His colleagues were — are — equally impressed with Cripps. Glenn MacDonald, Ph.D., senior associate dean and the John M. Olin Distinguished Professor of Economics and Strategy, says Cripps stands out because he has high standards for himself, his students and other people’s scholarship.

MacDonald says everything Cripps publishes is very high quality. All that, and he’s a really nice guy, too.

“He’s proof that you can be nice and have high standards,” MacDonald says. “Martin definitely hands out the criticism. But he’s such a nice guy that you know the critique comes from a good place and that turns out to be quite constructive.”

MacDonald also describes Cripps as witty, an omnivorous reader with a depth of knowledge that makes MacDonald envious. However, MacDonald says, he can’t be too envious because Cripps is so likeable.

That seems to be the opinion shared by nearly everyone who meets him.

Katie Morrow is administrative assistant for Cripps — as well as 11 other business school professors. Morrow says working with Cripps is easy; he treats her with respect and he doesn’t demand an inordinate amount of work. What’s more, Morrow says, he keeps her in stitches.

“He’s very comical,” Morrow says, recalling a risqué tale he shared recently. “I’ve never seen the guy stressed, although I have noticed he can’t sit still very well.”

Martin Cripps

Born: April 25, 1960

Nationality: United Kingdom

Family: Married to Louise. Children: Edward, 22; Robert, 21; Grace, 13; Daisy, 5.

Cripps says he ascribes to the sentiment expressed by T.H. White in the novel The Once and Future King: learning is the only thing ” … which the mind can never exhaust, never alienate, never be tortured by, never fear or distrust and never dream of regretting. Learning is the only thing for you. Look what a lot of things there are to learn.”

Indeed, sitting at his unusually clean desk in his unusually Spartan office, a conversation with Cripps is a veritable physical activity. He frequently curls a leg up to his hip and fiddles with his foot. Then he’ll shift forward placing both hands on the desk when he’s really excited about something — like the history of Counter-Reformation Spain. Or he’ll lean back and stretch out to contemplate an answer to some question.

Cripps is athletic, says MacDonald, referring to Cripps’ prowess at squash. MacDonald says he’s also competitive, which is evident from the odd rivalry he has with his co-authors to see who can last the longest riding their bikes to work — no matter the weather.

“He’s the anti-British academic,” MacDonald says. “The stereotype of an English professor is having an office with junk all over the place, books on the walls and elbow patches on his jacket. Martin is completely the opposite.”

Still, MacDonald says, Cripps has maintained a few British traits. He still calls sweaters “jumpers” and trucks “lorries.” And — while it might not be a purely national characteristic — Cripps is incredibly self-effacing.
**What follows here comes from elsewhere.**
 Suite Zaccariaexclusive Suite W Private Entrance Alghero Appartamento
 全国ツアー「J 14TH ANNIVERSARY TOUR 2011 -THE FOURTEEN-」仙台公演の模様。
MacDonald describes Cripps as an extrovert who doesn’t like being the center of attention.

“He was squirming for months prior to his installation (as the John K. Wallace and Ellen A. Wallace Distinguished Professor of Managerial Economics),” MacDonald says. “It’s so odd because when you talk to him one-on-one he’s so funny and lively, but publicly he doesn’t want to be noticed.”

Which means that for anyone who feels the slightest twinge of jealousy over Cripps’ good fortune and charming qualities, one can take just a small amount of gratification from knowing that Cripps is cringing right now — not at all comfortable being featured so prominently in this issue of the Record.